PhD Scientific Days 2022

Neurosciences I. (Poster discussion will take place in the Aula during the Coffee Break)

Genetic epidemiology analysis of NOTCH3 gene mutations in Hungary

Text of the abstract

Background: Cerebral autosomal dominant arteriopathy with subcortical infarcts and leukoencephalopathy (CADASIL) is a hereditary, small vessel disease causing stroke. The disease is frequently associated with migraine, progressive cognitive decline, and psychiatric disturbances. The worldwide prevalence of CADASIL has been estimated at approximately 2-4:100,000.
Aims:In this study, we investigated the frequency of pathogenic variants from the coding region of the NOTCH3 gene in Hungarian CADASIL patients and the associations of the pathogenic alterations with the detailed clinical phenotype and MRI findings.

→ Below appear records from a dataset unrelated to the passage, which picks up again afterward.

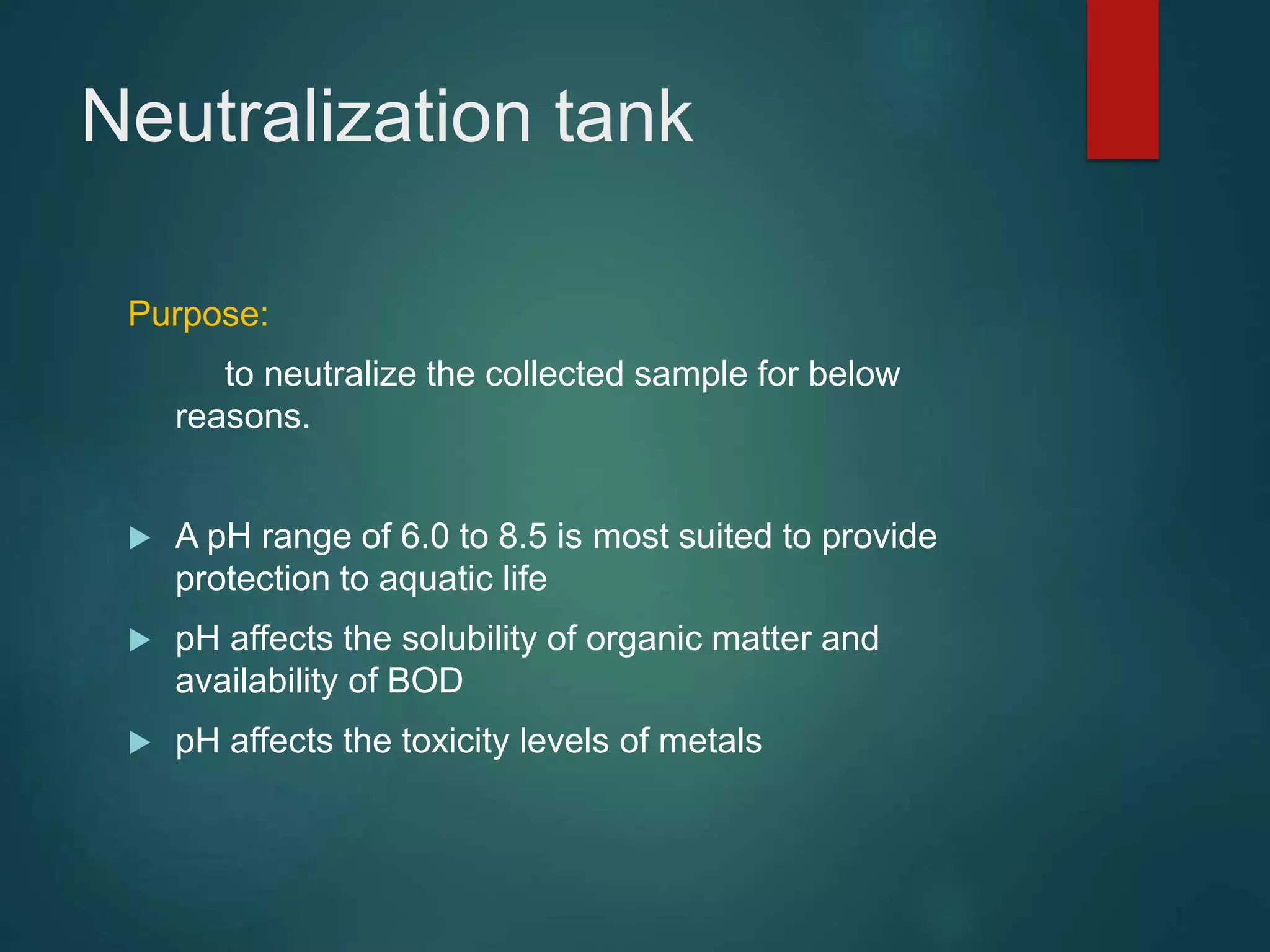 Neutralization tank
Purpose:
to neutralize the collected sample for below
reasons.
 A pH range of 6.0 to 8.5 is most suited to provide
protection to aquatic life
 pH affects the solubility of organic matter and
availability of BOD
 pH affects the toxicity levels of metals
 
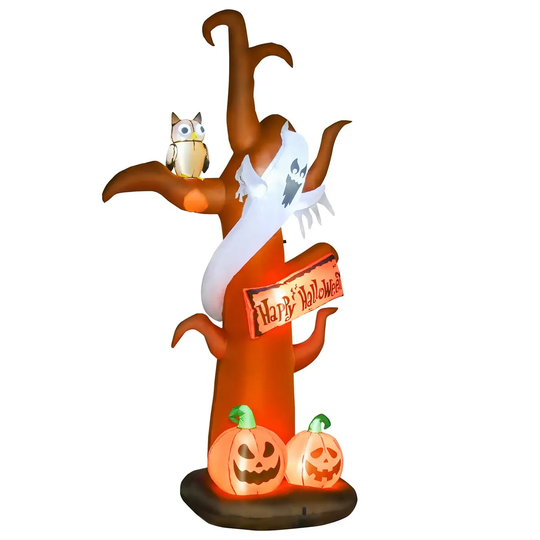 All Hallows 2.7m Halloween Inflatable Tree with Ghost & Pumpkin LED Lighted Decoration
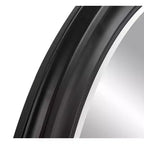 Specchio con cornice in legno nera opaca George rotondo da 36" con bordo smussato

Methods: Total coding region of the NOTCH3 gene was analysed with Sanger or NGS sequencing in 650 patients (359 male, 291 female; mean age 45.27±15.95 years) with small vessel disease features. Brain MRI showed multiple cerebral infarcts and white matter lesions in all cohorts and no risk factors for cerebrovascular abnormalities.

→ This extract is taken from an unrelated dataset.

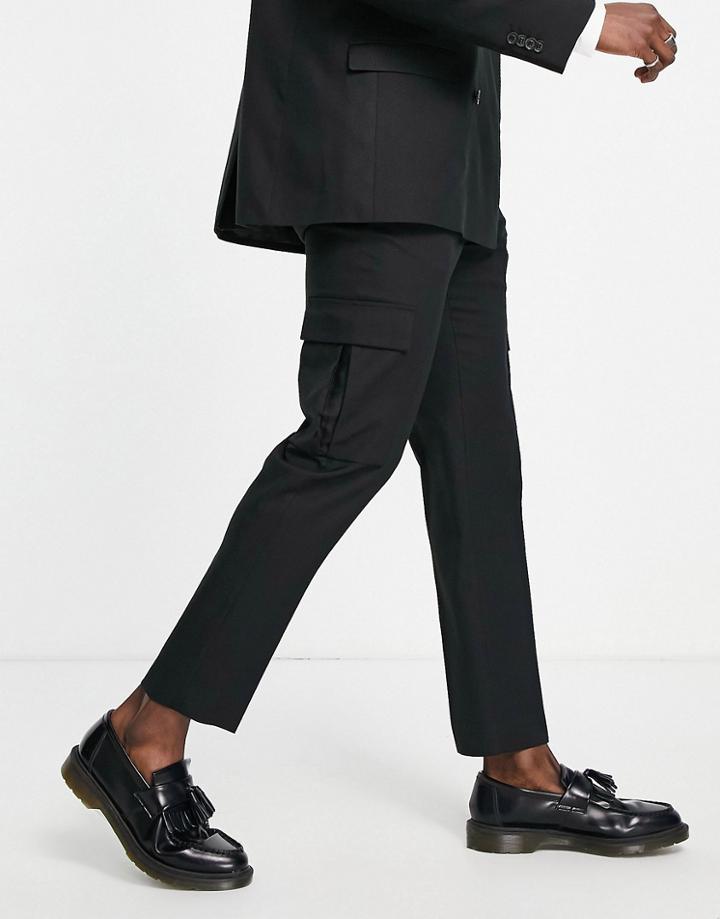 Topman Utility Smart Cargo Suit Pants In Black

Results: In our study, in 52 of 650 patients (8%), 19 missense substitutions were identified. Among them, 4 were novel, likely pathogenic alterations (p. C222S, G420C, R133C, R207C), these variants were not present in controls and were predicted as disease causing by in silico analysis. The R90C mutation in exon 3 of NOTCH3 gene was the most frequently observed variant (68%), followed by R153C in exon 4 (21%). The clinical symptoms of the positive cases were divided into 4 groups. The most common symptom was TIA/stroke (69%), followed by migraine (52%) in approximately quarter of cases with aura, psychiatric disturbances (29%) and cognitive decline (25%). In retrospectively study of clinical data, we found a higher number of patients having leukoencephalopathy (86%) on brain MRI scans and the white matter lesions appear earlier on cranial MRI than symptoms of CADASIL.

Conclusion: The frequency of the variants was 8% In the Hungarian cohort the most common alteration was the R90C with 2.5% mutation frequency. These results broaden the genetic background and clinical spectrum of CADASIL in the Hungarian population. Based on our experiments, we recommend the genetic analysis of the NOTCH3 gene in patients with stroke / TIA, migraine and leukoencephalopathy.

Funding:The study was supported by the Semmelweis University StartUp, NKFIH_ 132812 and UNKP-21-5 grants.